Voltemos atrás, até esse concerto – digamos – instantâneo, para encontrar o que o movia e verificar como, com o tempo, o músico pulverizou os seus interesse e a sua actividade pela rádio ou pela televisão, generosamente partilhando a sua erudição rock, o seu gosto pela pequena história sem a qual as grandes histórias não teriam interesse, o prazer pela conversa. Na biografia dos Xutos & Pontapés assinada por Ana Cristina Ferrão, Conta-me Histórias, Zé Pedro recorda assim essa noite, comemorativa dos 25 anos do rock’n’roll: “A assistência que tinha estado a ouvir, a noite toda, o 'Rock Around the Clock' e outras coisas similares, ficou estática. Quando acabámos não se ouviu nem uma palma, nem um assobio. Não se ouviu nada. Eles não devem ter percebido absolutamente nada e a verdade é que nós também não.” Pudera, cinco canções (enfim, ninguém sabe ao certo) em meia dúzia de minutos, pode ser interpretado de várias maneiras, mas a sua maneira foi a que o levou a concluir a frase com as palavras: “Tinha sido muito excitante. Marcámos logo o próximo ensaio.” Atitude, para quem não percebeu ao longo destas décadas, clarificada mais tarde e – direi – definitivamente, quando, a uma pergunta de Ana Sousa Dias, para entrevista publicada no Diário de Notícias, o ano passado, afirmou: “O rock’n’roll é um estado de espírito, e uma pessoa ou sente ou não sente. Não é preciso ser músico para se sentir, tem que ver com aventura. Pode ter que ver com uns certos limites na vida, mas tem, acima de tudo, que ver com a realização pessoal de uma vida mexida.”

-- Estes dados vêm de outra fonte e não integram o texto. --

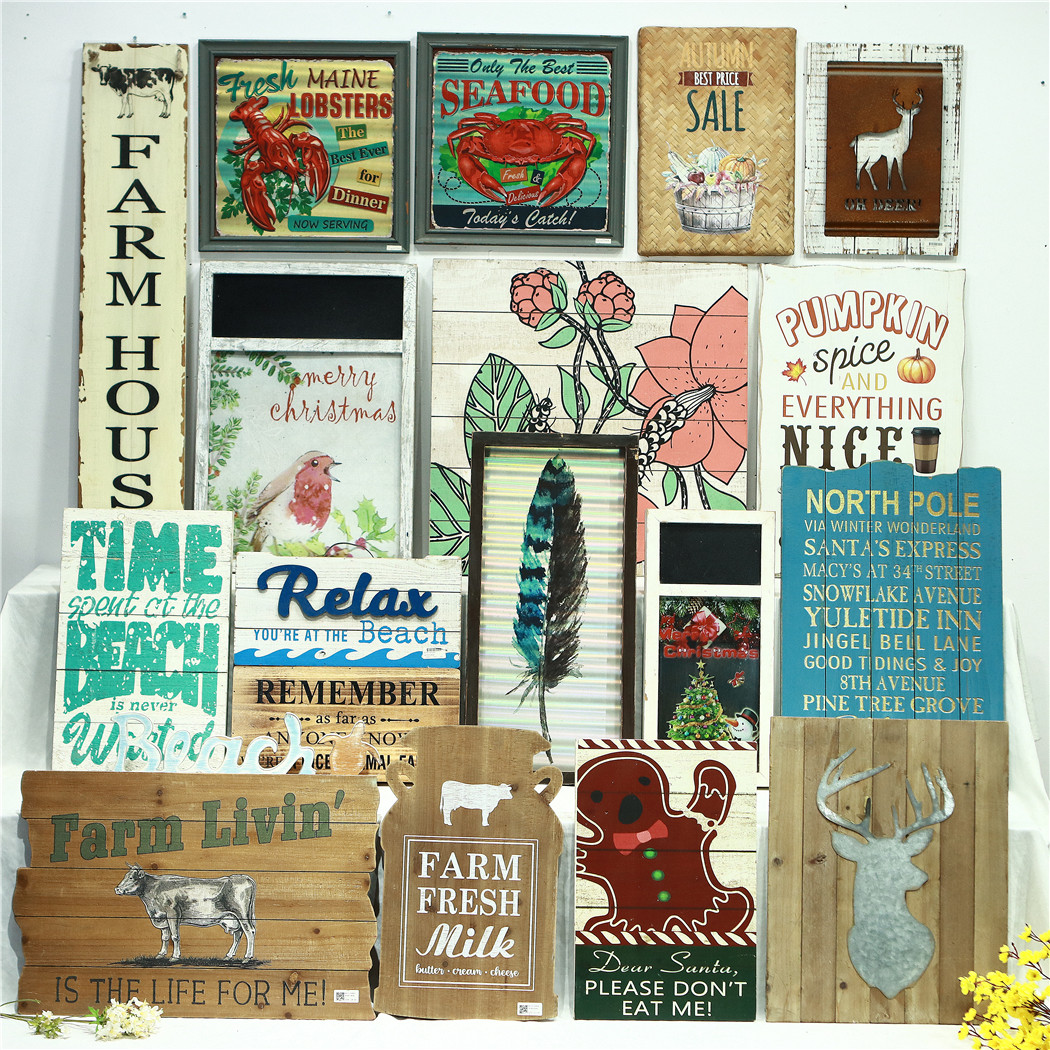 仿古做旧木质装饰画壁挂壁饰挂板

E que mexida foi a vida de Zé Pedro, desde essa noite, aos seis anos, quando de regresso de Timor as luzes de Hong-Kong o fizeram reparar na electricidade com que se fez artista. “Era como se estivesse a descobrir a civilização”, disse mais de uma vez, em diversas circunstâncias, como quem revela um fascínio que está na origem de tudo. Embora o que melhor o defina como artista e como homem esteja na letra de uma canção: Pensas que eu sou um caso isolado/ Não sou o único a olhar o céu/ A ver os sonhos partirem/ À espera que algo aconteça.

Ou talvez ainda melhor neste verso de O Homem do Leme: E mais que uma onda, mais que uma maré/ Tentaram prendê-lo impor-lhe uma fé/ Mas, vogando à vontade, rompendo a saudade/ Vai quem já nada teme, vai o homem do leme.